Purchasing display ads indirectly indicates a high reliance on third-party cookies. Brands with campaigns that rely heavily on indirect impressions could be highly susceptible to disruption from additional privacy changes from walled gardens and limits on third-party tracking from regulatory bodies.

Brands should ensure that their website and digital media campaigns – and the data collected and used to target ads – are both privacy compliant and effective in the face of those challenges by:

  • Owning, assigning someone on the team or finding a trusted partner to keep up with the latest news on privacy changes, cookies and third-party data regulation and their impact on the brand’s business.

  • Building first-party data assets by homing in on core customers and building direct-buying relationships with strategically important media partners.

  • Working across the organization to ensure compliance across user data collection and digital media activation.

  • Partnering with media companies, as well as established and emerging technology firms, to test novel targeting strategies (e.g., Google’s Topics, contextual targeting, data clean rooms) that reduce the eventual impact of the loss of cookies on existing media strategies.

Once an organization understands how its digital media is purchased, either with an internal analysis or a report from its agency partners, determine the risk exposure to the company's marketing programs.

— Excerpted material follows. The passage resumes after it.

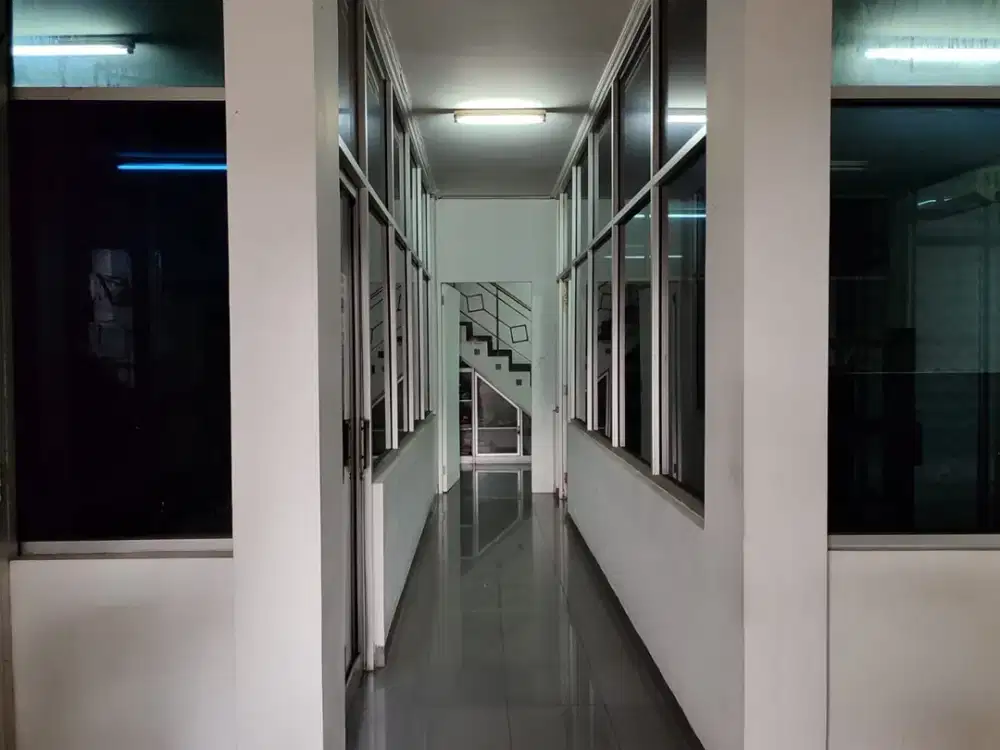 Gedung Kantor 2 Lantai + Rooftop  di Tebet , Jakarta Selatan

Privacy changes and cookie deprecation’s impact on advertising depend on two factors: sales strategy (direct or third-party sales) and media strategy (brand versus performance marketing).

Risk assessment chart from Gartner

Source: Gartner (May 2023)

Sales strategy and the proximity to the final sale are indicative of the relationship with the customer, including the receiving consent to use their data for retargeting and other conversion-oriented digital advertising tactics. Media strategy indicates the number of existing relationships brands have with their target audiences to deploy in a privacy-safe way and their reliance on advertising partners.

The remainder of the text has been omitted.